_Extracted records:_
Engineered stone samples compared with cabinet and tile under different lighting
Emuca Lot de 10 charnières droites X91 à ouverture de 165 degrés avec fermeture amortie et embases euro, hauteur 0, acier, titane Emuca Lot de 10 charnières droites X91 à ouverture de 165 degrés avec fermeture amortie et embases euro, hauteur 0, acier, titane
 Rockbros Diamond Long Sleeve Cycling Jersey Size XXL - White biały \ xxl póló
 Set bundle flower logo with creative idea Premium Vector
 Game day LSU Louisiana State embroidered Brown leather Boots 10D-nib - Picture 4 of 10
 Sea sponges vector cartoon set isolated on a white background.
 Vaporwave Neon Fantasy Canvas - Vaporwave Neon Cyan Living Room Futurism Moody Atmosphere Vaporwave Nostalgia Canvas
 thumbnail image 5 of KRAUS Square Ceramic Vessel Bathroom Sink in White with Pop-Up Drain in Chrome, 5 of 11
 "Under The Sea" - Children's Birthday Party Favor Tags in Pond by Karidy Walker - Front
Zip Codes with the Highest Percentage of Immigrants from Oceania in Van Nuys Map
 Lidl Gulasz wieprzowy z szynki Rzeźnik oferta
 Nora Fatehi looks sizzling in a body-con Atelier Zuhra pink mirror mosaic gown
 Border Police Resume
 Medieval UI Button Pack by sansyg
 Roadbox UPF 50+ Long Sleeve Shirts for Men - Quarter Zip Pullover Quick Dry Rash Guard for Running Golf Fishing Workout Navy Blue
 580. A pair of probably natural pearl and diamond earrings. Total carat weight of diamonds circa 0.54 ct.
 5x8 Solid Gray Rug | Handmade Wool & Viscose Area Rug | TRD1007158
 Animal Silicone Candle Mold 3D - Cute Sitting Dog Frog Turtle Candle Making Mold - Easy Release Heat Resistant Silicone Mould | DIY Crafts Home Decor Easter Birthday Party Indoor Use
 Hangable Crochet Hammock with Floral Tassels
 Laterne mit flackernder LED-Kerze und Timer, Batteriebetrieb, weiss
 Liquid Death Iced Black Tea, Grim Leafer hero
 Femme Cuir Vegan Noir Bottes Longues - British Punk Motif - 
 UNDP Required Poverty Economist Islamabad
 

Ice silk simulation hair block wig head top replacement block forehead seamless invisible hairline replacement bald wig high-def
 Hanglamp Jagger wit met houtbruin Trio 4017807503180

_What is needed:_ Lines from the top of the entries through the line with "Sea sponges vector" are to be transcribed exactly, and nothing more.

_Response to this exercise:_
Engineered stone samples compared with cabinet and tile under different lighting
Emuca Lot de 10 charnières droites X91 à ouverture de 165 degrés avec fermeture amortie et embases euro, hauteur 0, acier, titane Emuca Lot de 10 charnières droites X91 à ouverture de 165 degrés avec fermeture amortie et embases euro, hauteur 0, acier, titane
 Rockbros Diamond Long Sleeve Cycling Jersey Size XXL - White biały \ xxl póló
 Set bundle flower logo with creative idea Premium Vector
 Game day LSU Louisiana State embroidered Brown leather Boots 10D-nib - Picture 4 of 10
 Sea sponges vector cartoon set isolated on a white background.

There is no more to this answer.